Raitt believes she “got a foot in the door” because of her unique “bottleneck” style of playing. And there weren’t many women playing like she which made her “unusual”.
“The appreciation for women instrumentalists and the opportunities for women to play in bands has grown. I think the days of someone saying you have to look a certain way or play a certain way to play in a band are over,” she said.
Raitt struggled in the early years of her career to cross over on to the pop charts and also wrestled with alcohol and substance abuse.
But after she cleaned up, her 10th record Nick Of Time, released in 1989 made her a star, winning three Grammys and landing on Rolling Stone’s 500 Greatest Albums of all time list.

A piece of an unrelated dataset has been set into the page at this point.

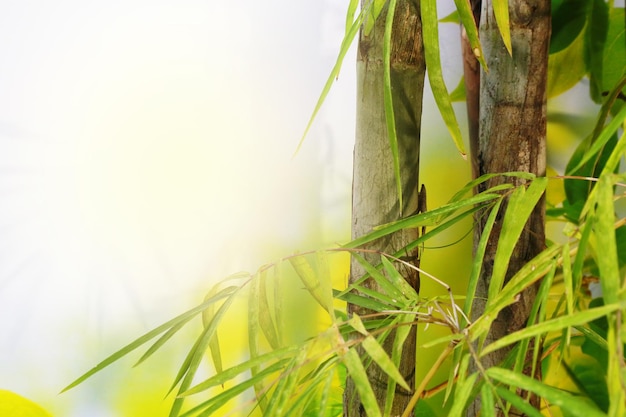 Bamboo leaves with sunlight in the morning nature background selective focus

She also features on their rolls call of the greatest guitarists and singers in pop history.
Raitt applies her idiosyncratic playing and voice to the INXS hit Need You Tonight on her recent Dig In Deep album.
“From the very first time I heard that song, I knew I wanted to cover it,” she says.
“I knew I could slow it down a little bit, I love singing ‘Slide over here and give me a moment ... you are one of my kind’.
“Andrew Farriss has said he really likes our version, he’s a sweetheart and I’m thrilled they got it.”
Patti Smith performs again at the State Theatre on Monday, Bluesfest, Byron Bay on April 13-14 and Melbourne’s Hamer Hall on April 16-18 and Festival Hall on April 20.
Bonnie Raitt plays QPAC, Brisbane, April 12 and the Byron Bay Blues And Roots Festival from April 14.